City says highway expansion is still on the table

The N’West Iowa Review reported this past weekend that Sioux Center’s Main Street expansion is still a possibility:

City leaders unveiled its [sic] newest five-year capital improvement plan to the Sioux Center City Council on Oct. 10. One of the items on the plan was the controversial road expansion.

Later in the article city manager Paul Clousing is quoted saying the controversy has died down, and he hears more from people grumbling how long it takes to get on Main or across town.

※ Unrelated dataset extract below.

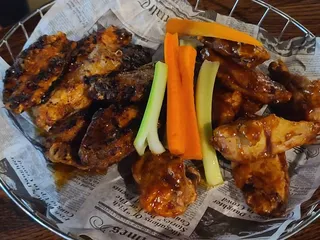 Underground Pub and Grill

Clousing also stated he believes that after a few more years there will be traffic growth (of which there is ZERO evidence) making an expansion necessary.

Of course it’s not true that everyone opposing expansion has changed their mind, and the facts have not changed about the lack of need for expansion, as former Iowa DOT head of safety Tom Welch has explained. Increasing lanes often increases congestion and commute times, as local parking expert Warren Vander Helm has explained. What is good for efficient traffic flow and safety is three lanes with properly designed intersections and signals adjusted to traffic flow patterns.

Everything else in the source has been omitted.